32. The system of claim 31, further comprising means for notifying the service entity of a change of the active coin processing mechanism to the inactive coin processing mechanism.

33. A method for using a redundant automatic coin machine having two or more coin processing mechanisms comprising the steps of:receiving one or more coins; diverting the one or more coins to a first coin processing mechanism; processing the one or more coins by the first coin processing mechanism; and having a second coin processing mechanism on standby.

34. The method of claim 33, further comprising the steps of:detecting a service condition associated with the first coin processing mechanism; diverting the one or more coins to the second coin processing mechanism; and servicing the first coin processing mechanism without affecting operation of the second coin processing mechanism.

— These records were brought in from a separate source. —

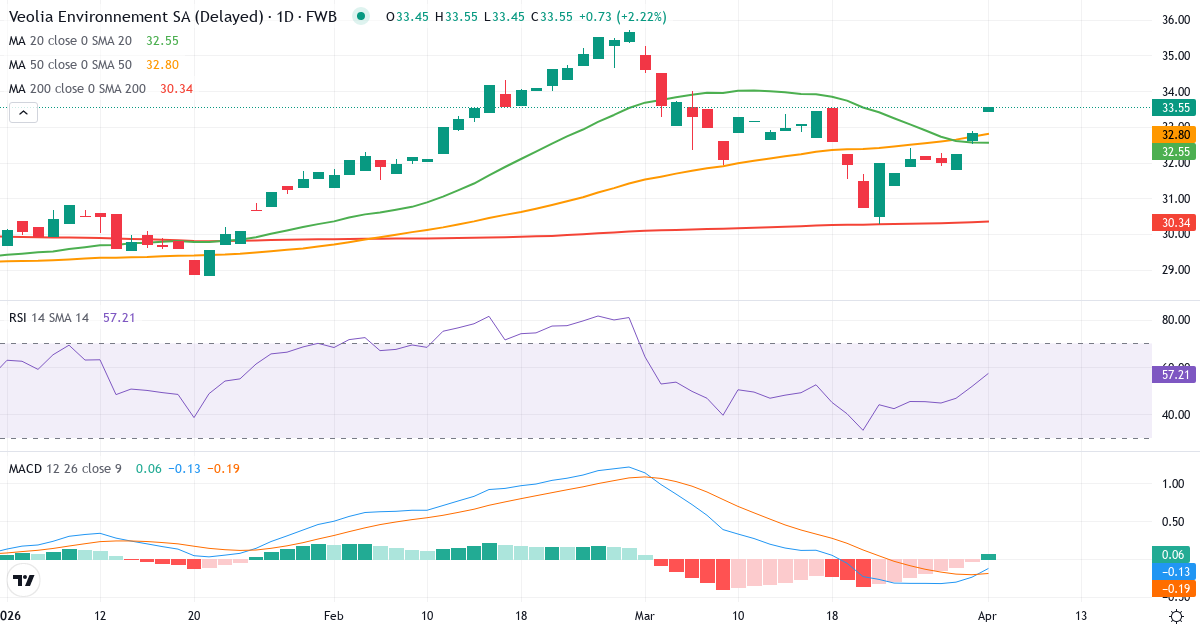 Teknisk analyse av Veolia Environnement (VVD.F) – RSI 52, MACD negativ (bearish), daglig candlestick-graf april 2026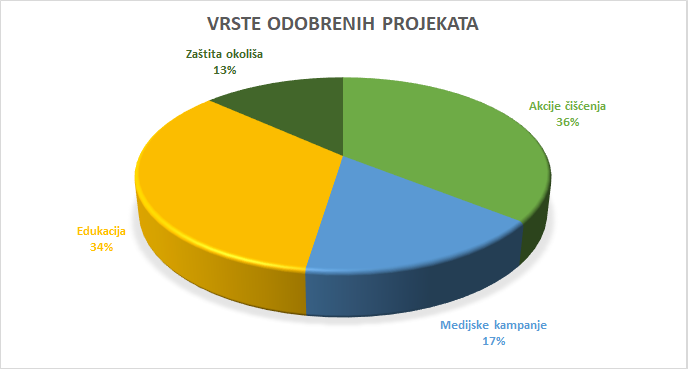 Vrste projekata koje je odobrio ZDK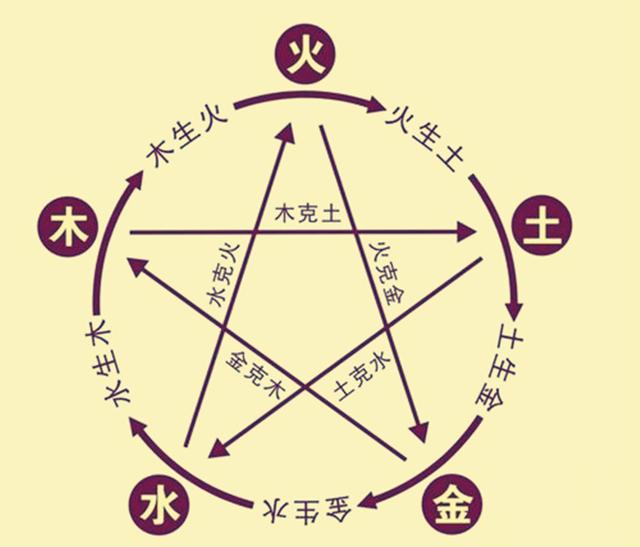 八字金克木什么特点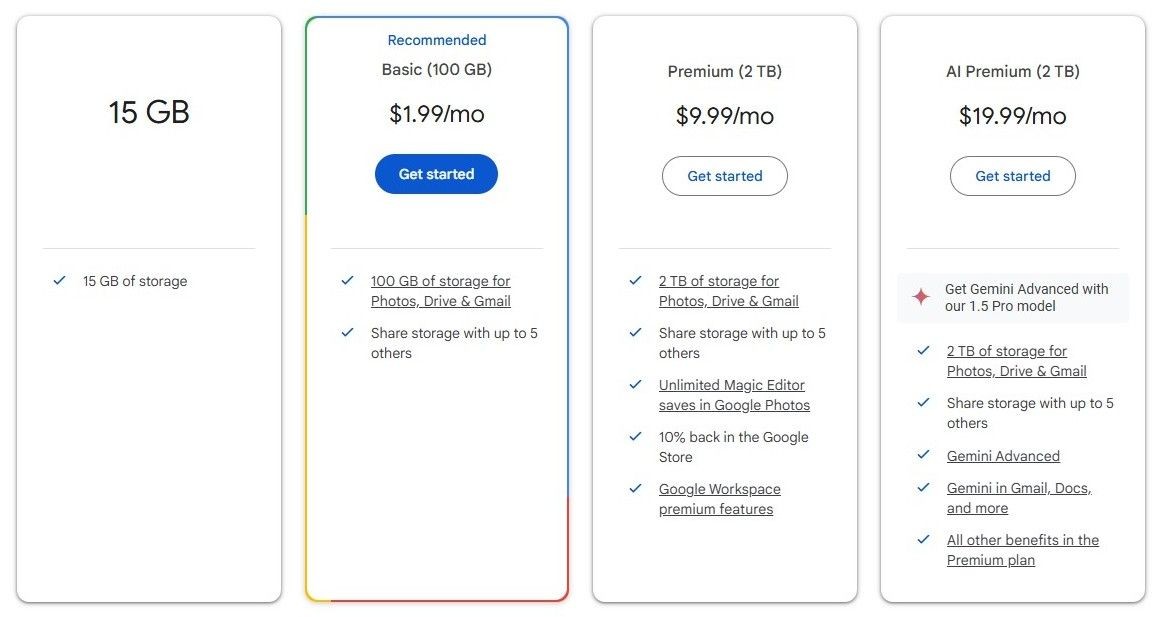 Các gói đăng ký Google One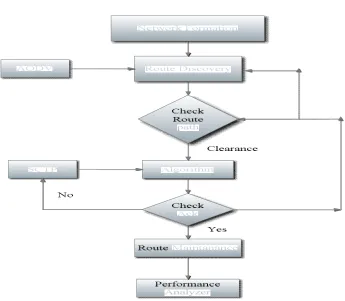 Figure 7 : Flow Diagram of the paper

35. The method of claim 34, wherein the service condition occurs when a vault associated with the first coin processing mechanism loses some of its capacity to store coins.

36. The method of claim 34, wherein the service condition occurs when an inlet opening associated with the first coin processing mechanism becomes non-functional.

37. The method of claim 34, wherein the service condition occurs when the first coin processing mechanism fails to perform.

38. The method of claim 34, wherein the service condition occurs when the first coin processing mechanism has operated for a predetermined period of time.

39. The method of claim 33, further comprising the step of displaying information related to operation of the automatic coin machine.

40. The method of claim 33, further comprising the step of printing a receipt.

41. A method for using an automatic coin machine having multiple coin processing mechanisms comprising the steps of:designating a first coin processing mechanism as an active coin processing mechanism and a second coin processing mechanism as an inactive coin processing mechanism; positioning a coin diverter to aim an exit point of the coin diverter to a first inlet opening of the first coin processing mechanism; detecting a service condition associated with the first coin processing mechanism; repositioning the coin diverter to aim the exit point to a second inlet opening of a second coin processing mechanism, wherein the second coin processing mechanism replaces the first coin processing mechanism as the active coin processing mechanism, and wherein the first coin processing mechanism replaces the second coin processing mechanism as the inactive coin processing mechanism; and depositing coins collected by a coin collection device, channeled by the coin diverter, and processed by the active coin processing mechanism in a vault associated with the active coin processing mechanism.

42. The method of claim 41, further comprising the step of servicing the inactive coin processing mechanism without affecting operation of the active coin processing mechanism.